Available data
####################

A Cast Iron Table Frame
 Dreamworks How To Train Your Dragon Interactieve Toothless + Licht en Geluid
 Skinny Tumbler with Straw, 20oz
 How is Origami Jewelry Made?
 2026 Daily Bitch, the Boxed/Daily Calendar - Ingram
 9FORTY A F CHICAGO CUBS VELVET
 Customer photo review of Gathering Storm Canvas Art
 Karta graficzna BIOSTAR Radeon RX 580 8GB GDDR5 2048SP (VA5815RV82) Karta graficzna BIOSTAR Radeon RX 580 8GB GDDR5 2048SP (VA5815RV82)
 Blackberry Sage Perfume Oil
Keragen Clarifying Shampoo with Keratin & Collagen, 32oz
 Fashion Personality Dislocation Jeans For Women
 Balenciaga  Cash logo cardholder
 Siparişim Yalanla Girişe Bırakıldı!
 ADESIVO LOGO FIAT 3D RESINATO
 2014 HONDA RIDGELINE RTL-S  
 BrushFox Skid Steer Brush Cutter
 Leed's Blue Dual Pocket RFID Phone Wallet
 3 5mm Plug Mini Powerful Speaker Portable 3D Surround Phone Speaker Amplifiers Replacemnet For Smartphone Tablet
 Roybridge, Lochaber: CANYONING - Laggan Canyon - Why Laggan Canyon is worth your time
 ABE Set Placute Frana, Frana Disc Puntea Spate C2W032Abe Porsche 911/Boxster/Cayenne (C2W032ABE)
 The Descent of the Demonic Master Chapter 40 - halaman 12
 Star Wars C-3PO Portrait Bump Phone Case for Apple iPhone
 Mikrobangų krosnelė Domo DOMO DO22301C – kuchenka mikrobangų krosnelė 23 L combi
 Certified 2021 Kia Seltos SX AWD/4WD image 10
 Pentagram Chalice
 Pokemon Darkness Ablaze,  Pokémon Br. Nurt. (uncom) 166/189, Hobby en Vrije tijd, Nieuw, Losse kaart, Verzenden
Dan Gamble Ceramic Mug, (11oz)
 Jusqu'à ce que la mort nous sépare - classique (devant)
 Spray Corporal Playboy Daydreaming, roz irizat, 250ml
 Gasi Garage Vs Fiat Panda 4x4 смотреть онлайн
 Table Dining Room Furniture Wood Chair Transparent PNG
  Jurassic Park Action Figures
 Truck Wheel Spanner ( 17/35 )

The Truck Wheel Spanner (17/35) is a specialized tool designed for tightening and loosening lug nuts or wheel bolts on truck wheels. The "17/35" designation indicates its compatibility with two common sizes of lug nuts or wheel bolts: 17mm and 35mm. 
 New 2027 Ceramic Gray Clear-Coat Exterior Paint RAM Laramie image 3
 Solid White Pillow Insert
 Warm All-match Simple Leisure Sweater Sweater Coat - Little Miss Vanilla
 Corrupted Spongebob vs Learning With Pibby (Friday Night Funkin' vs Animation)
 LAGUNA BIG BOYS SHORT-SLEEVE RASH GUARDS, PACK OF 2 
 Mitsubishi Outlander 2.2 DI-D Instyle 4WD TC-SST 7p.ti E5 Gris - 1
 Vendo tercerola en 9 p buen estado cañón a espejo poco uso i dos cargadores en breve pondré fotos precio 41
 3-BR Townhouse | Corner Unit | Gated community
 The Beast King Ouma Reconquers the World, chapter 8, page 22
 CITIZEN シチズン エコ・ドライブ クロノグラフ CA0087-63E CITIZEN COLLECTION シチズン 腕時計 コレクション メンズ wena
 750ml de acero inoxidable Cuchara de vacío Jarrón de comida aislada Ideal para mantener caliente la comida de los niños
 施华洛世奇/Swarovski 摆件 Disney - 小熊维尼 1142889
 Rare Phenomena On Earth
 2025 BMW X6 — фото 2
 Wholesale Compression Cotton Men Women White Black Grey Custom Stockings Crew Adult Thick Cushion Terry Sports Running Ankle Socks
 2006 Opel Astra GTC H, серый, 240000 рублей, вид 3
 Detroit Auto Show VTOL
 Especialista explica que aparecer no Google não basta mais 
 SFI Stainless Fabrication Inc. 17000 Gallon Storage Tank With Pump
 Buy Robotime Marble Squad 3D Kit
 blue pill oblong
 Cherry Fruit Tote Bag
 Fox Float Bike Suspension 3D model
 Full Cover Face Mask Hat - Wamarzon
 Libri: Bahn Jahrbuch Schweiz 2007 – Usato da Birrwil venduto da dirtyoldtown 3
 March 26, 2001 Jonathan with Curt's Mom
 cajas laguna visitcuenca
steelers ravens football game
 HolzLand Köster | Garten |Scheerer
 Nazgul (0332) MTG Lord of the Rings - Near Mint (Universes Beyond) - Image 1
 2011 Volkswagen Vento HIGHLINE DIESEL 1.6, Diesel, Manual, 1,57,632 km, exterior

####################

Try it
Each line from the top of the records through the one with "Pentagram Chalice" should be returned exactly. Leave out everything else.

Solution to the problem
A Cast Iron Table Frame
 Dreamworks How To Train Your Dragon Interactieve Toothless + Licht en Geluid
 Skinny Tumbler with Straw, 20oz
 How is Origami Jewelry Made?
 2026 Daily Bitch, the Boxed/Daily Calendar - Ingram
 9FORTY A F CHICAGO CUBS VELVET
 Customer photo review of Gathering Storm Canvas Art
 Karta graficzna BIOSTAR Radeon RX 580 8GB GDDR5 2048SP (VA5815RV82) Karta graficzna BIOSTAR Radeon RX 580 8GB GDDR5 2048SP (VA5815RV82)
 Blackberry Sage Perfume Oil
Keragen Clarifying Shampoo with Keratin & Collagen, 32oz
 Fashion Personality Dislocation Jeans For Women
 Balenciaga  Cash logo cardholder
 Siparişim Yalanla Girişe Bırakıldı!
 ADESIVO LOGO FIAT 3D RESINATO
 2014 HONDA RIDGELINE RTL-S  
 BrushFox Skid Steer Brush Cutter
 Leed's Blue Dual Pocket RFID Phone Wallet
 3 5mm Plug Mini Powerful Speaker Portable 3D Surround Phone Speaker Amplifiers Replacemnet For Smartphone Tablet
 Roybridge, Lochaber: CANYONING - Laggan Canyon - Why Laggan Canyon is worth your time
 ABE Set Placute Frana, Frana Disc Puntea Spate C2W032Abe Porsche 911/Boxster/Cayenne (C2W032ABE)
 The Descent of the Demonic Master Chapter 40 - halaman 12
 Star Wars C-3PO Portrait Bump Phone Case for Apple iPhone
 Mikrobangų krosnelė Domo DOMO DO22301C – kuchenka mikrobangų krosnelė 23 L combi
 Certified 2021 Kia Seltos SX AWD/4WD image 10
 Pentagram Chalice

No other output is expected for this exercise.